Web page caption snippets
------
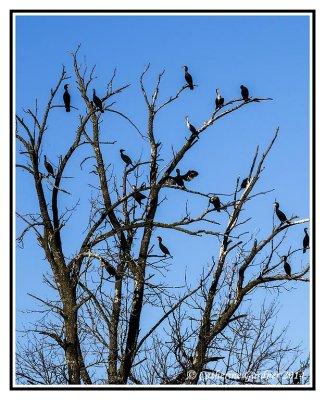Tree with Cormorants
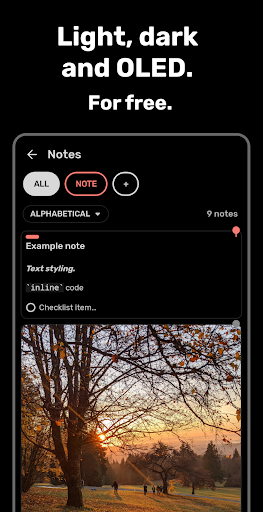 Bundled Notes MOD screenshot 5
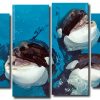 Cute Orcas 4 Panels Paint By Numbers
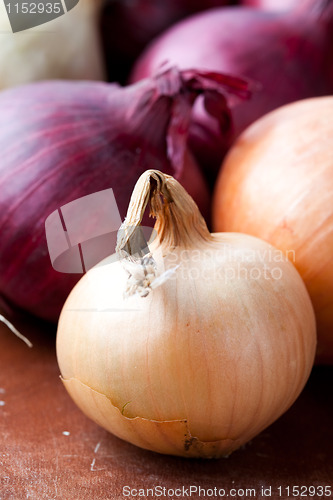 Image of Red and yellow onions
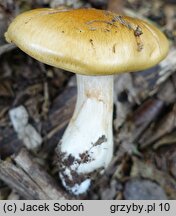 Cortinarius emollitus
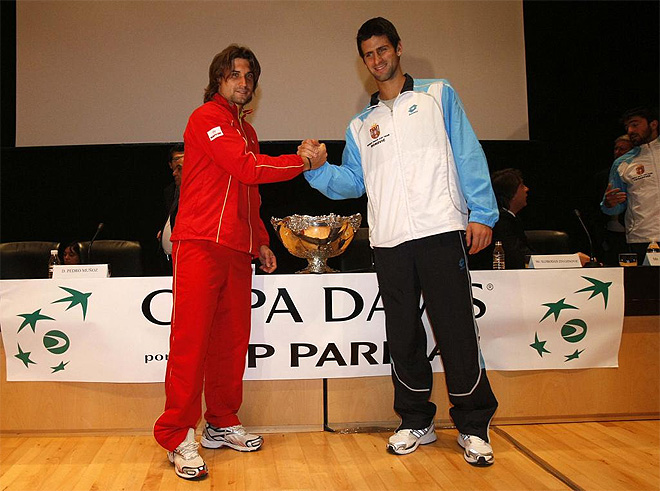 Ferrer y Djokovic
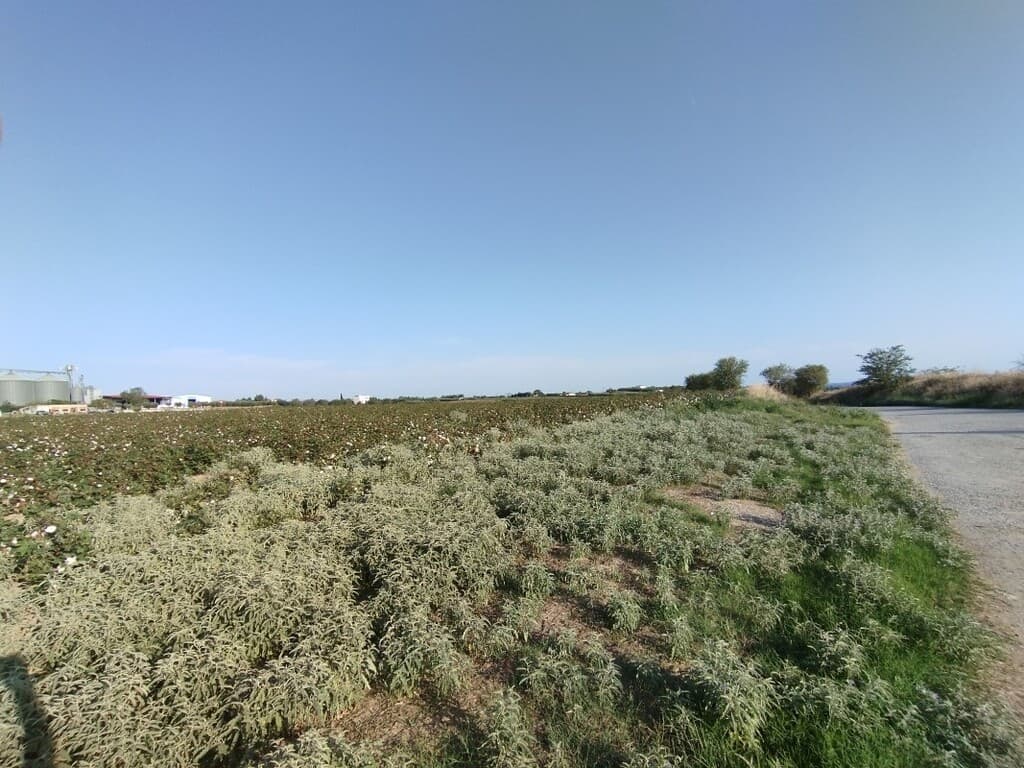 For Sale Land 101000 m² in the suburbs of Thessaloniki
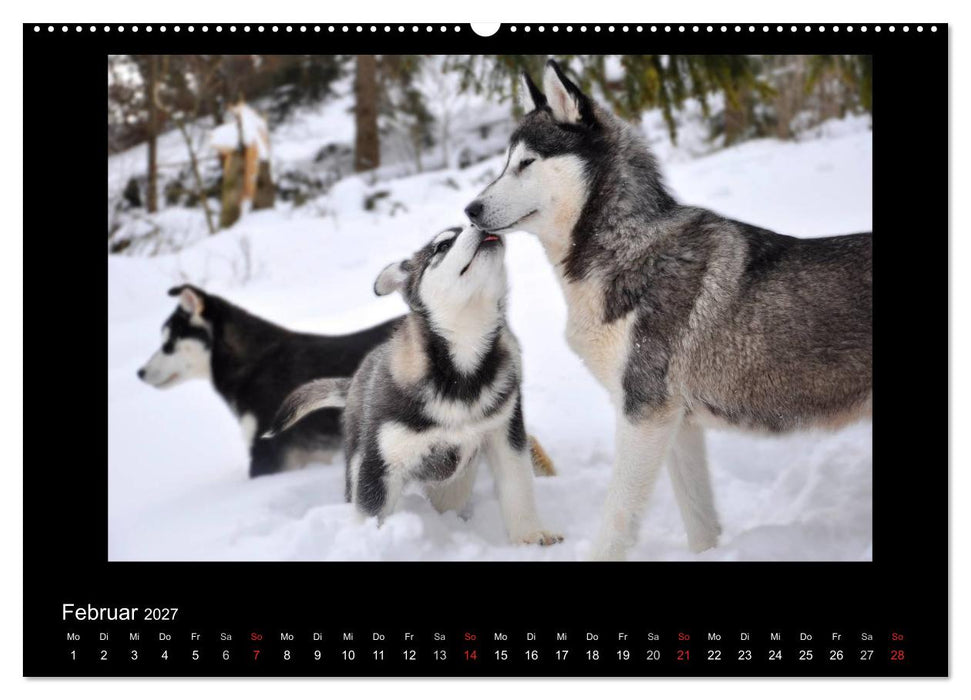 Husky-Kalender (CALVENDO Wandkalender 2027)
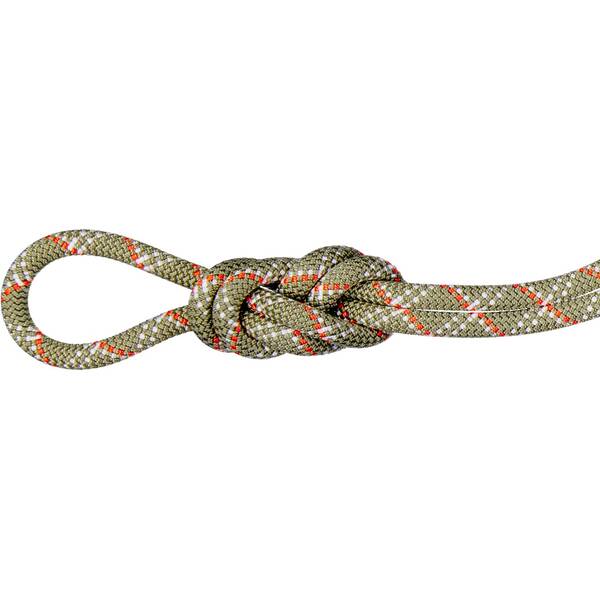 MAMMUT  9.5 Gym Classic Rope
------
For this exercise, reproduce the data above exactly from the line containing "Bundled Notes MOD screenshot 5" through its final line, both ends included, with no pictures in the copy.

▶ _OUTPUT FOR THIS EXERCISE_:
 Bundled Notes MOD screenshot 5
 Cute Orcas 4 Panels Paint By Numbers
 Image of Red and yellow onions
 Cortinarius emollitus
 Ferrer y Djokovic
 For Sale Land 101000 m² in the suburbs of Thessaloniki
 Husky-Kalender (CALVENDO Wandkalender 2027)
 MAMMUT  9.5 Gym Classic Rope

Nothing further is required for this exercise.